Monique Genton: Tidy

At the Art + Soul Gallery until April 9

Modernist architecture has attracted an abundance of creative and curatorial attention in this postmodern age. In Vancouver over the past two decades, photographers, painters, collagists, and sculptors have employed images of 20th-century buildings to illuminate modernism's ideals and critique its failures. Monique Genton's show, Tidy, focuses on the low-rise and mid-rise apartment buildings constructed in the Lower Mainland between the 1950s and the 1970s. Operating on a small scale and with a gentle and sometimes paradoxical intimacy, her work is part homage and part lament.

The show comprises 13 mixed-media paintings and two photo-based, multi-component wall works. Genton, a baby boomer who has studied at the Emily Carr Institute, the Nova Scotia College of Art and Design, the University of British Columbia, and the School of the Art Institute of Chicago, brings a hybrid visual sensibility to her projects. Her photographic works are painterly in their references, and her paintings are photographic in theirs. The melding of media and the delicacy and precision of execution suggest an attachment to both concept and object.

Series 6 and Series 10 are developed from a body of work originally exhibited at the Richmond Art Gallery and addressing the collision of postwar optimism, suburban sprawl, and the politics of lawn. Each consists of a grid of small, photo-based images-close-up shots of patches of grass-executed in acrylic and ink in a spectrum of bleached-out colours, from very pale creams, greys, greens, and yellows to lime, lilac, and turquoise. The grid formation and subtle monochromes speak to historical minimalist-conceptualist practice; the subject matter includes the human impulse to control and contain nature, to plant it, trim it, weed it, and organize it into large and small squares of short grass.

The most recent work here is a series of paintings in watercolour on acrylic. In most instances, the watercolour is the hue of architectural blueprints, and the acrylic ground is a creamy monochrome marked with hard-edge bands and boxes of pale greens and earth tones. The images, picked out in blue, are of the local, midcentury apartment buildings that compel Genton's interest, viewed from the street or the back lane. Apparently based on photographs, they are reduced to a kind of telegraphic essence: stencil-like treatments of a few salient features, including windows, balconies, foliage, traffic signs, and automobiles. Again, the historic allusions appear to be to the mechanistic aspects of high-modernist painting, against which these handmade images of International Style buildings project a kind of wobbly vulnerability.

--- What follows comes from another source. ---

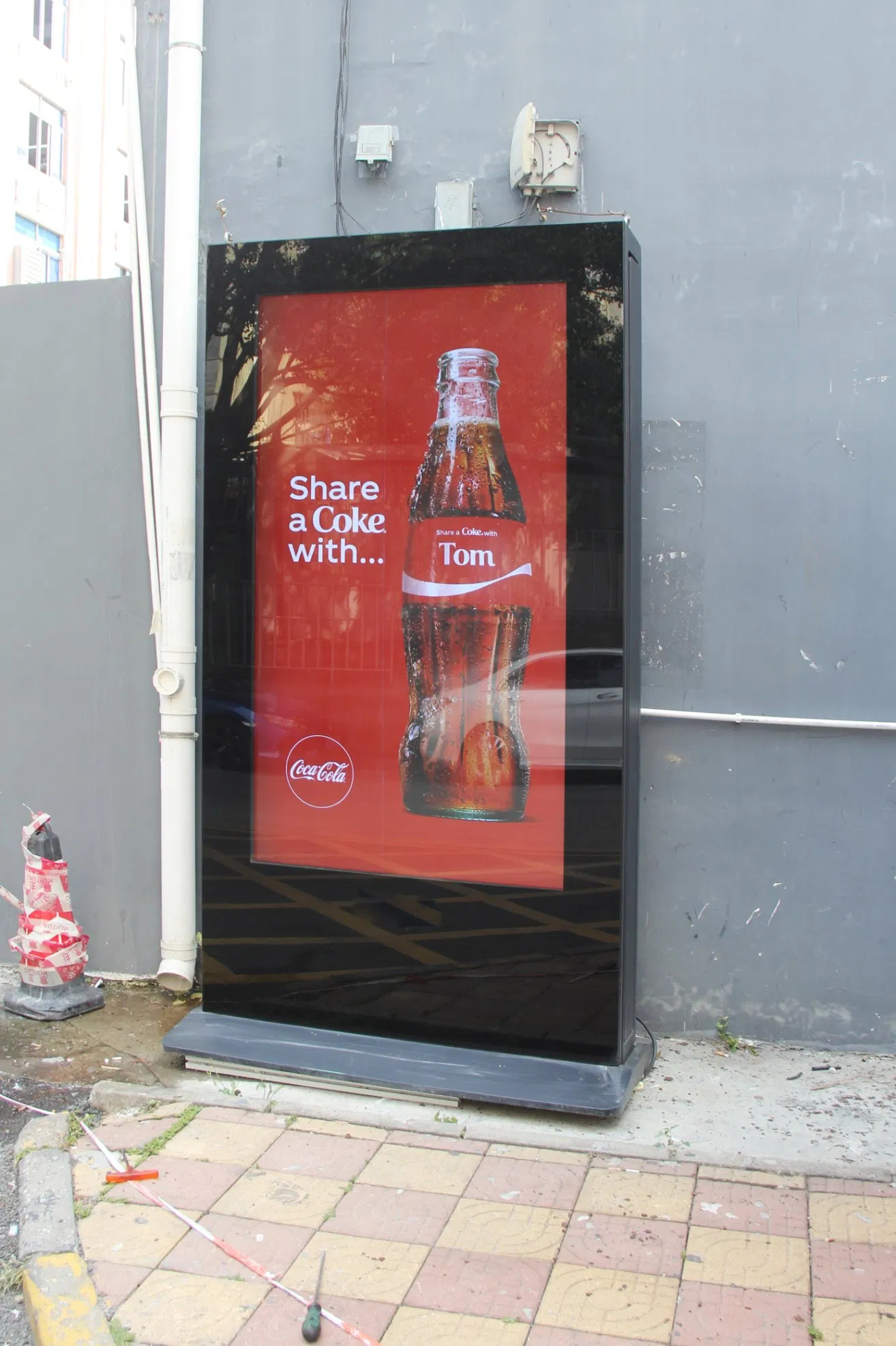 Уличный LCD дисплей 65 дюймов с тачскрином и Android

The omnipresent cars, half-ton trucks, and SUVs, parked on the street in front of the buildings or in paved lots or carports behind, speak to a condition unanticipated by postwar architects and developers. A few decades ago, the number of designated parking spaces did not begin to approximate the number of suites in each building. Genton's paintings encapsulate the betrayal of modernism's belief in the utopian possibilities inherent in new design, materials, and technologies. The SUV is the perfect metaphor for contemporary technology's anti-utopian proclivities, for its profit-driven snub of even the slightest notion of social good.